Download 45,000 Adoptable Cat Images in 6.5 Minutes with petpy and multiprocessing

Combining the multiprocessing package for concurrent use of multiple CPUs and the petpy package for interacting with the Petfinder API allows one to find and download a vast amount of animal images for use in other tasks, such as image classification.

This post will introduce how to use the multiprocessing and petpy packages to quickly and easily download a large set of cat images of all the different breeds available in the Petfinder database. We will end up with a collection of just under 45,000 of cat images sorted by user-defined breed classifications.

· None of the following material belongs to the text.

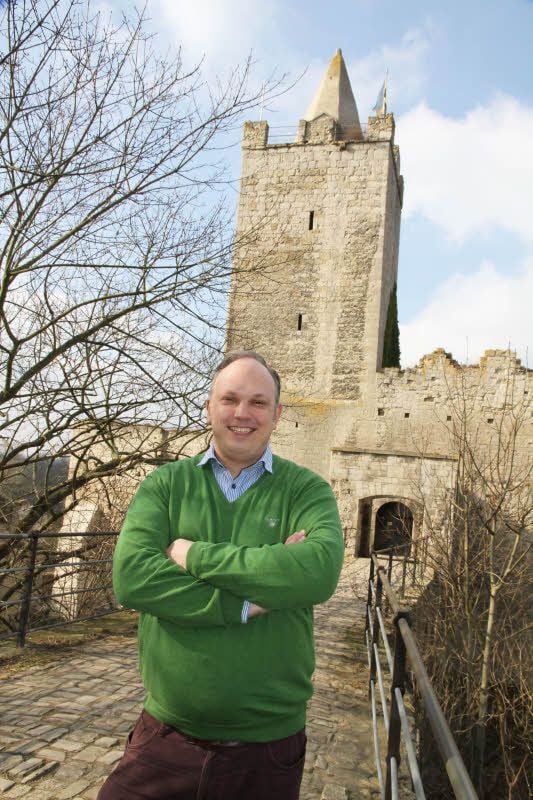 Mann mit Burg: Thiemo von Creytz.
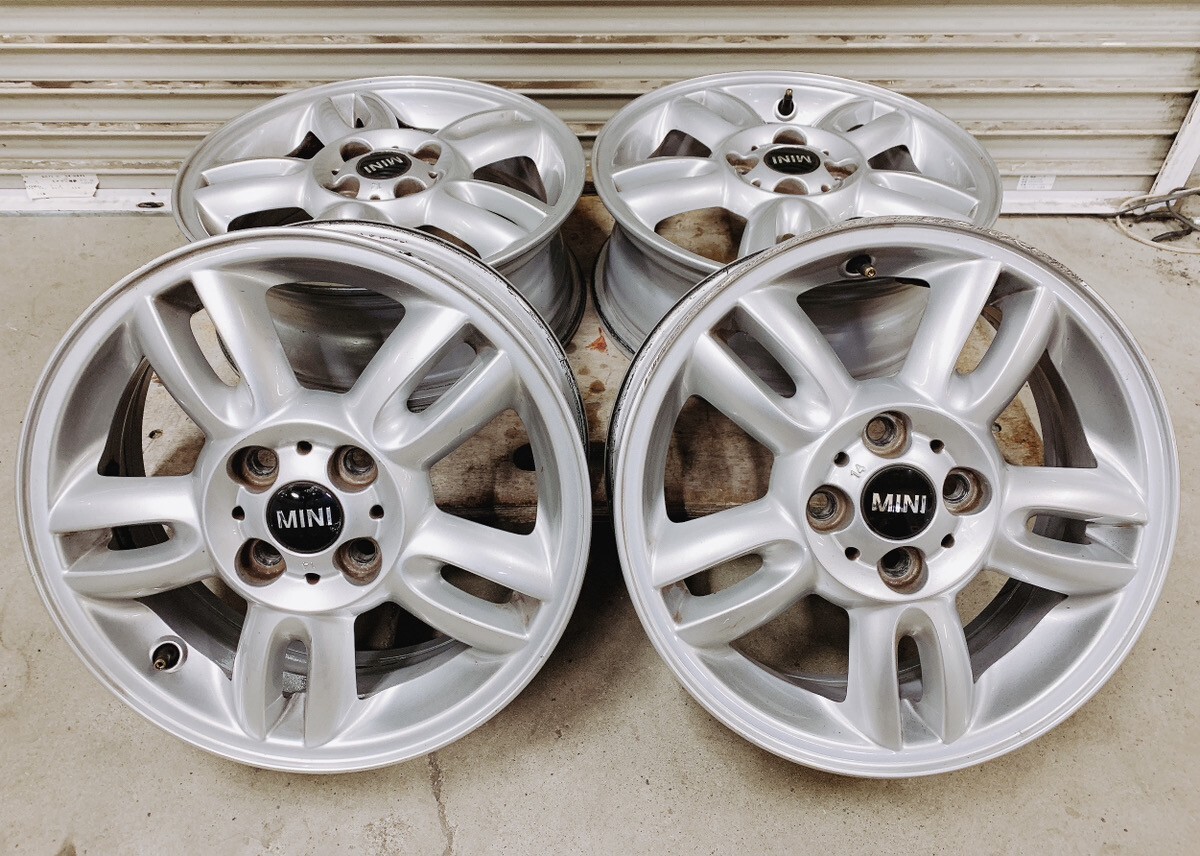 中古 BMW MINI ミニ 純正 アルミホイール 4穴 4本セット 15インチ 5.5J×15H2 PCD100 ホイール 茨城県常陸大宮 0625か1 I12 140×2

Start by importing the various packages and modules that will be needed.

In [1]:
import petpy
import os
import pandas as pd
import urllib.request
import urllib.error
from multiprocessing import Pool
from multiprocessing.dummy import Pool as ThreadPool

Get the available cat breeds

Create a connection to the Petfinder API by calling the Petfinder class from the petpy package with your given API key. You can receive an API key by creating an account on the Petfinder developer page.

In [2]:
key = os.getenv('PETFINDER_KEY')
pf = petpy.Petfinder(key)

Use the breed_list() method to get the available cat breeds in the Petfinder database.

In [3]:
cat_breeds = pf.breed_list('cat', return_df=True)['cat breeds'].tolist()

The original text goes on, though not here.